SVG Sit-Down: How Yahoo Sports’ Sarah Crennan Tackles Short-Form Sports Video, Content Discovery
Oath property launched update show ‘The Rush’ last month
In the wake of noted success in 2017, Yahoo Sports has turned on the creative hose, developing more original sports content for its various platforms, including its popular mobile app. On that new lineup of programming is a short-form show called “The Rush,” which debuted early last month.
Hosted by former football player and comedian Jared Quay, “The Rush” is typically no more than three minutes long. Its goal is to bring the latest — and most culturally relevant — sports news to fans via the Yahoo Sports app as efficiently and in as entertaining a way as possible.
We caught up with Yahoo Sports Senior Director, Programming, Sarah Crennan, one of the brains behind the new show. In 2017, Yahoo Sports and its parent company, Oath, saw a 1,304% year-over-year increase in mobile views, with 76% of those views coming on mobile devices. So, naturally, 2018 has been a year full of experimenting with mobile for Crennan and her team.
What’s your thought on how things have gone in the first few weeks here?
We’re really happy with how it’s gone. The interesting thing about creating a show that’s meant to be between two and three minutes is the discipline every day of deciding what goes in the show. We work really hard to decide what the top things are that sports fans should know about and engage with and here’s what’s hitting the cutting-room floor and why. As a production team, I think we are getting better at that, but, generally speaking, I’m pretty pleased with how we have been serving sports fans’ needs first thing in the morning on a mobile device.
Has there been a lesson or two learned, any growing pains? Has anything you’ve experienced made you rethink things since the launch?
We did a lot of user testing before we even launched the show, and it tested really, really well for the younger demos that we were really excited to serve. One of the surprises was that the feedback was maybe that the speed of it and the pace of it was too fast. So we’ve paid a lot of attention to delivery because, initially, we were thinking how can we get all of the information a sports fan would want in our show in an exciting way. What we’ve learned and what we’ve optimized is that pacing still matters, and, while we want to make sure we move really quickly, we also want to work on iterating the delivery. I think Jared Quay, our host, has done an amazing job of that. We’ve handled really funny topics and very sensitive topics, and he’s been able to transition very well within the time parameter.
And from that testing, you decided that morning was where you wanted to be with this?

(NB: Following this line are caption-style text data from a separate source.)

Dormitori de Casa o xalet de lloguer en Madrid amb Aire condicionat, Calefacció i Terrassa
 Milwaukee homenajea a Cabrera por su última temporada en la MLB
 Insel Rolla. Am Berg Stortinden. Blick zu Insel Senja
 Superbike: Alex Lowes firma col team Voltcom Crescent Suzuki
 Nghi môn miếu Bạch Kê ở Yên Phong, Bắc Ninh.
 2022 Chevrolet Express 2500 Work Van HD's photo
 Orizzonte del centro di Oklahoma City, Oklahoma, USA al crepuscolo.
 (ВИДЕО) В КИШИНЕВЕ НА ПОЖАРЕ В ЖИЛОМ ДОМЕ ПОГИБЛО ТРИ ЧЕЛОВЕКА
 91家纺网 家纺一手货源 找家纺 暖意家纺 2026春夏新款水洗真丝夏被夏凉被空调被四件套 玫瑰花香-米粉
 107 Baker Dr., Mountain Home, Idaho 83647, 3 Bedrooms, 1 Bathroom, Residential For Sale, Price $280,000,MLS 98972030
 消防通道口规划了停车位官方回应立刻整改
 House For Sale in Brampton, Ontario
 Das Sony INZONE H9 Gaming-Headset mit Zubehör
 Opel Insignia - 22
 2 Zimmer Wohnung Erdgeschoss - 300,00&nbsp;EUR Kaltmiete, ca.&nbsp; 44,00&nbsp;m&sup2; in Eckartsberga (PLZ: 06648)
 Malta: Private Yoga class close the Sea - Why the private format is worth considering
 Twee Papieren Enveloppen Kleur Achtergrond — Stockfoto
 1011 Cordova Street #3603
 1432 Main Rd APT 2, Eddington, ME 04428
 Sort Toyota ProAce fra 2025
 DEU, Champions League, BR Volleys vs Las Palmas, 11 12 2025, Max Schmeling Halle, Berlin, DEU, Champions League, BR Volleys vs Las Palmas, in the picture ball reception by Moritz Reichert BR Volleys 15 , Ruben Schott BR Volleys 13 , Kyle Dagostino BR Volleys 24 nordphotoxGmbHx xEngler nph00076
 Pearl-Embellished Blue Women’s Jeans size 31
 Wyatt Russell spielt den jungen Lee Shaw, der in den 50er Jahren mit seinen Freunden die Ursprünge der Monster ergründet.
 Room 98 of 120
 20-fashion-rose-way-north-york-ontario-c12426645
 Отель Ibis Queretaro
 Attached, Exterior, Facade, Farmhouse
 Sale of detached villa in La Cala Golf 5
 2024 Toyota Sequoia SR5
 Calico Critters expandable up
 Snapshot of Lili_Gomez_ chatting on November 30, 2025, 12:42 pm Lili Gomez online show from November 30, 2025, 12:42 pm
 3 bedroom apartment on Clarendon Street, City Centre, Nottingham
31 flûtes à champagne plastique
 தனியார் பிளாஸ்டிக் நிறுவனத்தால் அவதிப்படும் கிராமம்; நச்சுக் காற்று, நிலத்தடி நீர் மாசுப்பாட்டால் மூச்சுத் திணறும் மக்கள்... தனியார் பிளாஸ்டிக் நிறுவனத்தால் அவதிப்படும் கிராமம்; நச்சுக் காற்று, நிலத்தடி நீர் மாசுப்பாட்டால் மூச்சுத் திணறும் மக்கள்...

Yes, but it’s also not just the mornings; it’s the length of our show. I think one of the things I have paid a lot of attention to is that a user’s capacity to engage with a piece of content has shifted and the whole world has a proclivity to shift their attention if they are not entertained or not getting value from what they’re engaged in. I think that can be attributed to mobile devices, so I think that serves the morning habit, but we don’t want you to wait for the core information that you actually want. We open the show and get right into it.
As someone who oversees all Yahoo Sports programming, how do you feel this show fits into the overall content plans for your brand?
One of the big things that I’m focused on is discovery and how we can assist discovery and lead users into our app. While we are hosting the show in our app, we’re paying specific attention to how we use social to drive awareness, how we leverage notifications to engage a user. There are many other outlets and opportunities that we have for letting users know that “The Rush” exists.